EXERCISE DIRECTIONS »
When you restate the data, keep every word as it is and drop the images.

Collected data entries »

───

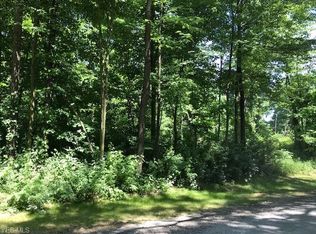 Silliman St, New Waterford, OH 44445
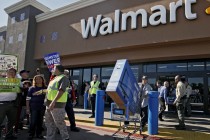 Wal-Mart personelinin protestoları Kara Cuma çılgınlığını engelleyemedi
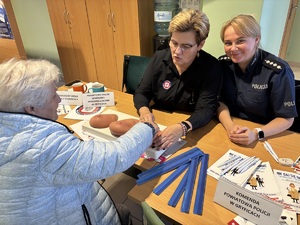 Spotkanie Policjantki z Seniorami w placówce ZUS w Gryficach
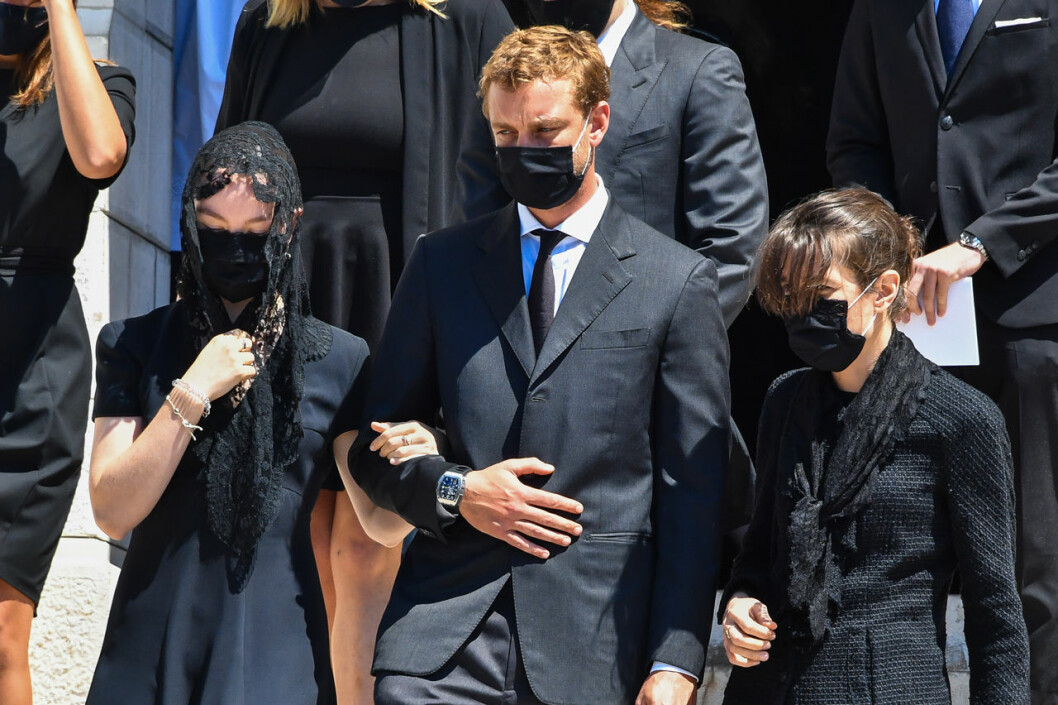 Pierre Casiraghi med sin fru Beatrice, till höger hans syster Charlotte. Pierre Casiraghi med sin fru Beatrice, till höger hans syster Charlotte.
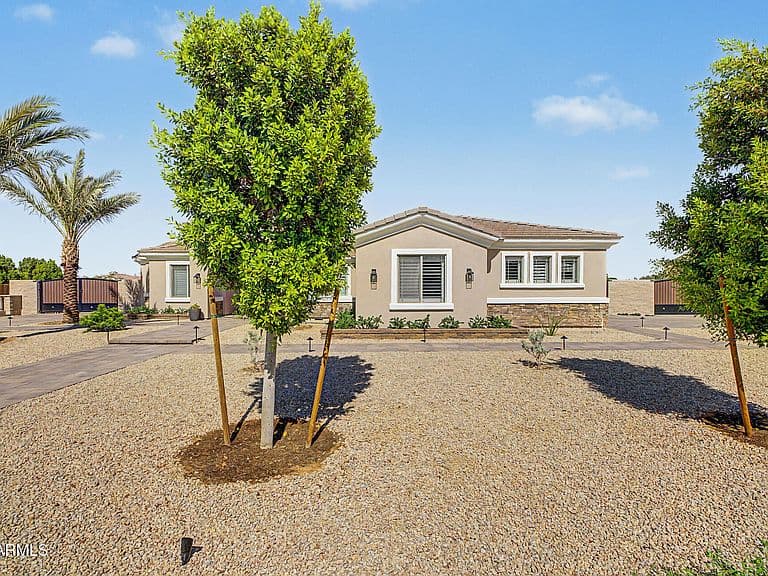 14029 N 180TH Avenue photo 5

───

ANSWER TO THE PROBLEM »
 Silliman St, New Waterford, OH 44445
 Wal-Mart personelinin protestoları Kara Cuma çılgınlığını engelleyemedi
 Spotkanie Policjantki z Seniorami w placówce ZUS w Gryficach
 Pierre Casiraghi med sin fru Beatrice, till höger hans syster Charlotte. Pierre Casiraghi med sin fru Beatrice, till höger hans syster Charlotte.
 14029 N 180TH Avenue photo 5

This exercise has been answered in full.